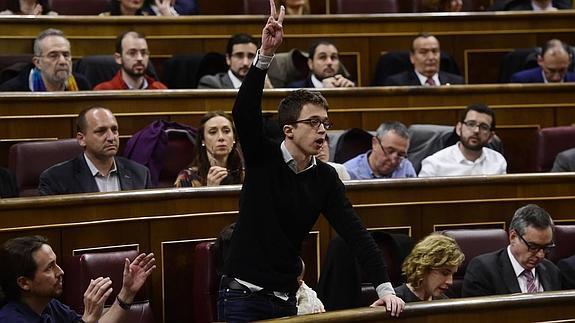 Íñigo Errejón hace el gesto de la victoria en el Congreso.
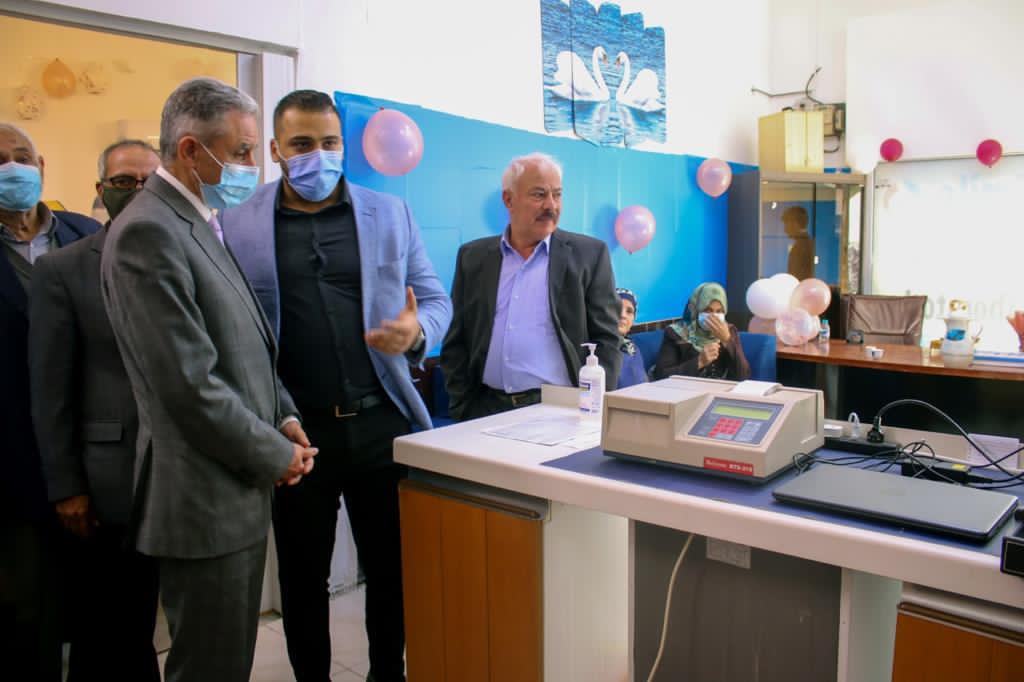 إقامة يوم طبي مجاني بمناسبة افتتاح مختبرات الإبتسامة للتحاليل الطبية بلواء الطيبة في إربد .. صور وفيديو 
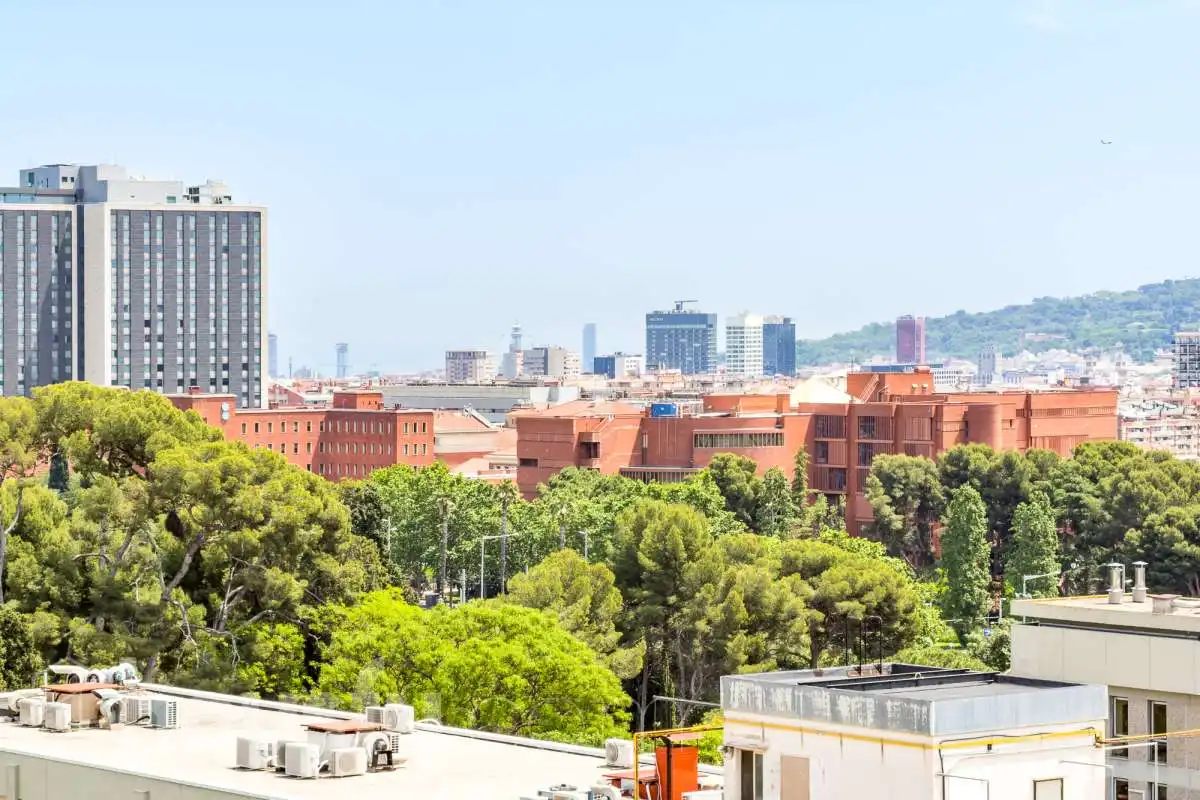 Vista exterior de Piso en venta en Barcelona con Aire acondicionado, Calefacción y Jardín privado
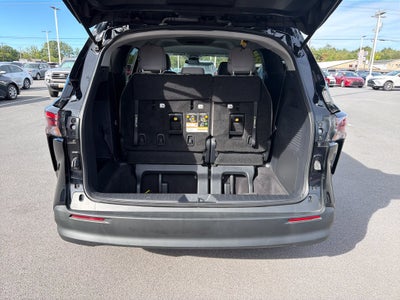 2025 Toyota Sienna LE 8 Passenger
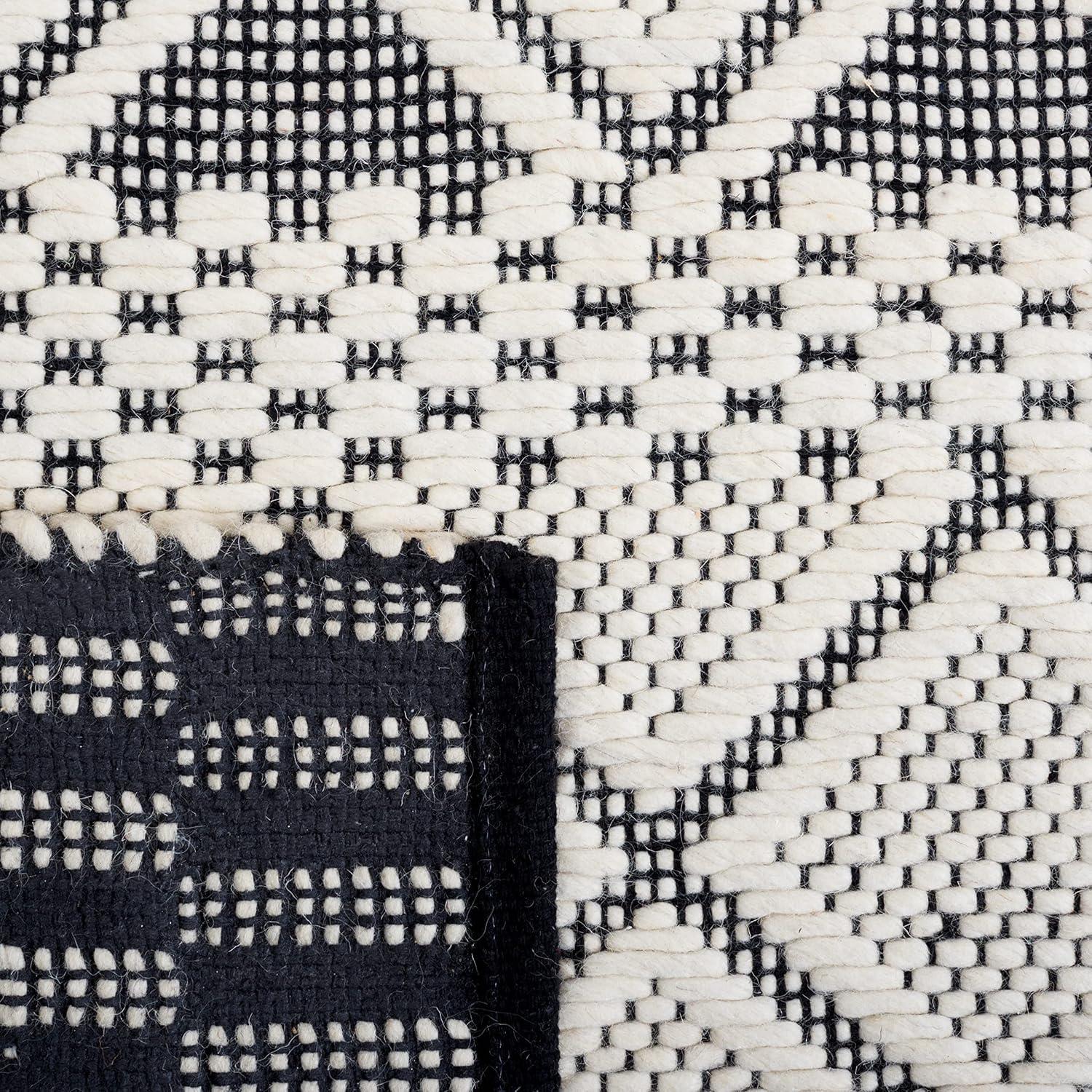 Natura NAT853 Hand Woven Area Rug - Ivory/Black - 8'x10' - Safavieh.
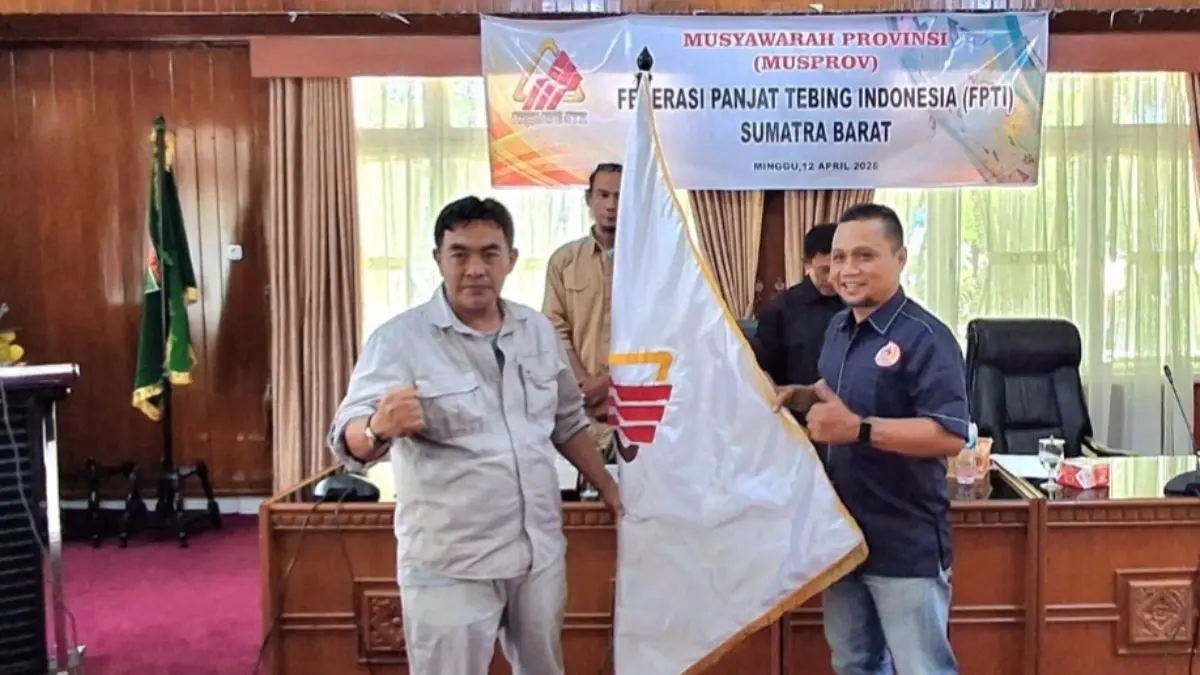 M. Zuhrizul (Kiri) terpilih sebagai Ketua FPTI Sumbar periode 2026-2030 pada Musprov di Gedung Tri Arga Bukittinggi, Minggu (12/4).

» Task: I need the lines from the line containing "Vista exterior de" through the final line of the listing duplicated exactly, both ends included, with no pictures and nothing else.

» Task result:
 Vista exterior de Piso en venta en Barcelona con Aire acondicionado, Calefacción y Jardín privado
 2025 Toyota Sienna LE 8 Passenger
 Natura NAT853 Hand Woven Area Rug - Ivory/Black - 8'x10' - Safavieh.
 M. Zuhrizul (Kiri) terpilih sebagai Ketua FPTI Sumbar periode 2026-2030 pada Musprov di Gedung Tri Arga Bukittinggi, Minggu (12/4).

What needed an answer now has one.